Rupert Brooke.
I
That night Lizzie had a dream and, waking in the early hours of the grey dim morning, saw before her every detail of it. She had dreamt that she was lost in the house. No human being was there. Every room was closed and she knew that every room was empty.
It was full day, but only a dull yellow light lit the passages.—She could not find her way to the central staircase. A passage would be familiar to her and then suddenly would be dark and vague and menacing. She opened doors and found wide dusty empty rooms with windows thick in cobwebs and beyond them a garden green, tangled, deserted.
She knew that if she did not escape soon some disaster would overtake her, some disaster in which both Roddy and Rachel would be involved. She knew also that, in some way, Rachel's safety absolutely depended upon her—She felt, within herself, a struggle as to whether she should save Rachel. She did not wish to save Rachel.... But some impulse drove her....
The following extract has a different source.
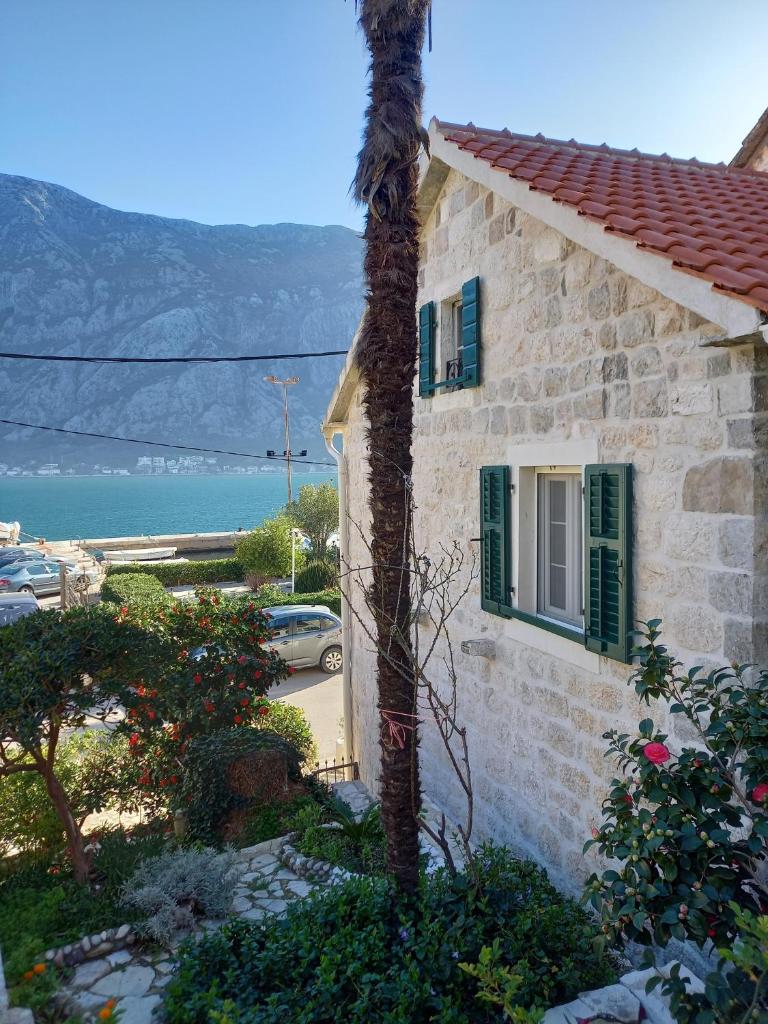 Romantic stone house by the sea ****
She ran down the passage, stumbling in the strange indistinct yellow light—She knew that, could she only reach the garden, Rachel would be saved.
She reached a window, looked down, and saw below her, like a green pond, the lawn overgrown now with weeds and bristling with strange twisted plants.
She flung open the window and tried to jump, but a cold blast of some storm met her and drove her back. The storm screamed about her, the dust rose in the room, the plants in the garden waved their heads ... the wind rushed through the house and she heard doors banging and windows creaking.
She knew suddenly that she was too late—Rachel was dead.